**Requirement**
Return the tail of the records exactly, starting from the line containing "Supamoji kėdutė kūdikiui" and ending with the final line.

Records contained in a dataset
•••••
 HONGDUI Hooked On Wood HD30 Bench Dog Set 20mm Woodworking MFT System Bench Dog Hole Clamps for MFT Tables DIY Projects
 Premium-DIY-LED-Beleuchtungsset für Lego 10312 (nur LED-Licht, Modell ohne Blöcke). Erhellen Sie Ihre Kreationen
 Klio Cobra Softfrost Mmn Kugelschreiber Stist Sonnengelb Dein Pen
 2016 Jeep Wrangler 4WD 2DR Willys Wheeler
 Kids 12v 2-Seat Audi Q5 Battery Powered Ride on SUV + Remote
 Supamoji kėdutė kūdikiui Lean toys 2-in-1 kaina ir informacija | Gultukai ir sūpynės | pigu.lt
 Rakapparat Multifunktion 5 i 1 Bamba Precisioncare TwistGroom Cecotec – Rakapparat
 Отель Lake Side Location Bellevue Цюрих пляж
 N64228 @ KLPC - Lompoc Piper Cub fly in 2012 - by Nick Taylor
•••••
**Worked solution**
 Supamoji kėdutė kūdikiui Lean toys 2-in-1 kaina ir informacija | Gultukai ir sūpynės | pigu.lt
 Rakapparat Multifunktion 5 i 1 Bamba Precisioncare TwistGroom Cecotec – Rakapparat
 Отель Lake Side Location Bellevue Цюрих пляж
 N64228 @ KLPC - Lompoc Piper Cub fly in 2012 - by Nick Taylor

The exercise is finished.